We returned from the walk as the sun dipped low and the sky relaxed into that light blue of dusk. I walked into our home where Manju Devi was squatting on the floor beside her small roti rolling platform. I spoke to her in English explaining I wanted to help make roti. She understood my smile and hand gestures and handed over her tools. I was able to slowly produce imperfect rounds that kept her laughing as she pulled them over to warm over a pan and then sear quickly with the flame. We swaddled the roti in cloth as they came off the fire, and when a sizable stack was produced we sat down for a delicious gobi (cauliflower) stew.
Despite the well-traveled day, my first night sleeping in the mountains was fitful. Whoever said that roosters crow first thing in the morning was wrong.

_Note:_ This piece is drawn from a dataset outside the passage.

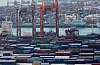 Containers are stakcked at a pier in the port city of Busan on Wednesday. [YONHAP]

With hiked up plumage billowing over their chicken skinny legs, these proud poultry ignore all midnight sensibilities, their tenner solos accompanied by howling choirs of dog-song, a sound track to the starry sky above.
I lay awake and watched the light to tiptoe into the house. From the wooden bed tucked in the corner of the living room where I slept, I could hear the waking of human activity outside: pots banging, the sweep of the broom against the steps, and morning greetings, “Namaste”. At home, rising at the crack of dawn sends shivers up my spine, however the sun coaxed me from my sleep and I joined the grandfather on the steps as he stood there watching the day roll in. I wondered how many mornings he had done that.
Manju Devi was outside doing last nights’ dishes, squatting low at the bottom of the stairs leading to her house. We smiled at each other and I made the motions of exaggerated yawns and stretches to communicate I was waking-up slowly. She smiled back and said something in Hindi which made me feel like she understood. She asked “chai?” and I said “haan” meaning yes. She had already prepared tea and went inside to pour it from a thermos. She gave me a cup steaming in the light; a floral, unsweetened black tea from the very hillsides I watched being revealed in the morning sun.
This was my first of three mornings at Makaibari as part of the homestay program. Each night I slept better, and each day I learned more about the tea and culture of the Himalayas. The homestay program is a special opportunity to engage with other, not over profession or language, but by the laugher that comes from sharing smiles, chuckles, fumbles over communication, and the ever-present roti rolling that are staples of Himalayan life.